--- DATA TO USE ---

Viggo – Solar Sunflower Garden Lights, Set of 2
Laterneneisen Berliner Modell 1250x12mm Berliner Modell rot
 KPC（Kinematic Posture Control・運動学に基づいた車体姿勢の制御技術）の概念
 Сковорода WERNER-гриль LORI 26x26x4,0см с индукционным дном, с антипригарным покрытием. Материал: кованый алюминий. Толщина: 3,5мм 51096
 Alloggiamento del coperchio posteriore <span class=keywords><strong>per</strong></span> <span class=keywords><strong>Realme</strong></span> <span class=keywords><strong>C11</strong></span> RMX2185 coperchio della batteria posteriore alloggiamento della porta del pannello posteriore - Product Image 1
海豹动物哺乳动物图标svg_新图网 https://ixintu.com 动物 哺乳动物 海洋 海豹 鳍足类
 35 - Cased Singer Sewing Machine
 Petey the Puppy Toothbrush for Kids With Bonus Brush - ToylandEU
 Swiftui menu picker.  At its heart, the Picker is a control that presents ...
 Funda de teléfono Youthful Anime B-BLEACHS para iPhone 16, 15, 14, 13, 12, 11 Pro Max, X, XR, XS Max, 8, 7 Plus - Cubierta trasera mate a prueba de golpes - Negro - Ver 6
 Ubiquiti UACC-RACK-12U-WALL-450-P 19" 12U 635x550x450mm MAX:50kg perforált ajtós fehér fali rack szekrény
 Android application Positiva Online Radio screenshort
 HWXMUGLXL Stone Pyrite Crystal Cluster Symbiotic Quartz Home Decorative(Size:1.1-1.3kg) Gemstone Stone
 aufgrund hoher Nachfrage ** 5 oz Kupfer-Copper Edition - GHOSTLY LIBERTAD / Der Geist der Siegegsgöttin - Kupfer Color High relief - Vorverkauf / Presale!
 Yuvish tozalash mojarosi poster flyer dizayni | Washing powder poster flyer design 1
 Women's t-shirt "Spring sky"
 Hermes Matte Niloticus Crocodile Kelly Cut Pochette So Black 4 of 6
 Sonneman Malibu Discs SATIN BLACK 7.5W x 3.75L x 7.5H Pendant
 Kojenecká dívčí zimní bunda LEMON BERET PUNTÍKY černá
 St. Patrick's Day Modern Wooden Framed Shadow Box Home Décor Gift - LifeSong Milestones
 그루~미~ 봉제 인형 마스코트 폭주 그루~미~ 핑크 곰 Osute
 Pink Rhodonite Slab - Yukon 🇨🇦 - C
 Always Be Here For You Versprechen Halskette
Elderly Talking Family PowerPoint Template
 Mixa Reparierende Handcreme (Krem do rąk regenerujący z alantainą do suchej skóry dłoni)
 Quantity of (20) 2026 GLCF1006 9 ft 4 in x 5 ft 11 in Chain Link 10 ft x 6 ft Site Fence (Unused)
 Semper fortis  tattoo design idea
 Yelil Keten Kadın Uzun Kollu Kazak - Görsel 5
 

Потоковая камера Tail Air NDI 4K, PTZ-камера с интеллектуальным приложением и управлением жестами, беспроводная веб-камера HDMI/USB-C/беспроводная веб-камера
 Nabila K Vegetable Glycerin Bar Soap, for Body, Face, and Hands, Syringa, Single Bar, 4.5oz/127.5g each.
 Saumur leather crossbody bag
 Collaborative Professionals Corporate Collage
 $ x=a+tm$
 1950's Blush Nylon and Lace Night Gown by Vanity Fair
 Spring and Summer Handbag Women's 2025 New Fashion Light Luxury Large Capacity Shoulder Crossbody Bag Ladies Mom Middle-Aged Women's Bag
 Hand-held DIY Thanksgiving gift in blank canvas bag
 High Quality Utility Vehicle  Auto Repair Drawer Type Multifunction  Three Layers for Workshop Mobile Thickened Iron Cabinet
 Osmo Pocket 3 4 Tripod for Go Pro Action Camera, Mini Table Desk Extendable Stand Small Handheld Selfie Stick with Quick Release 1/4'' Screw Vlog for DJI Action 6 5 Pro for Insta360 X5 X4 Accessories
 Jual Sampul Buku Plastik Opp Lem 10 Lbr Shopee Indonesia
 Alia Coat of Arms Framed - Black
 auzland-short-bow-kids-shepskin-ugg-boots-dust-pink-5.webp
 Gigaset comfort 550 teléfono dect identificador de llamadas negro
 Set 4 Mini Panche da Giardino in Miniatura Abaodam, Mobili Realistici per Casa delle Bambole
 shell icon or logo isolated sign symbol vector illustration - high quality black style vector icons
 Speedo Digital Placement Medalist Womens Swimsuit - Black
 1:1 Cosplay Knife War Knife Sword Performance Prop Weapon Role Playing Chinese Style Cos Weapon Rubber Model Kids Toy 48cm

---

_HOW TO COMPLETE THIS TASK_
Select all lines with the word "Spring" from the entries above.

_ANSWER TO THE PROBLEM_
 Women's t-shirt "Spring sky"
 Spring and Summer Handbag Women's 2025 New Fashion Light Luxury Large Capacity Shoulder Crossbody Bag Ladies Mom Middle-Aged Women's Bag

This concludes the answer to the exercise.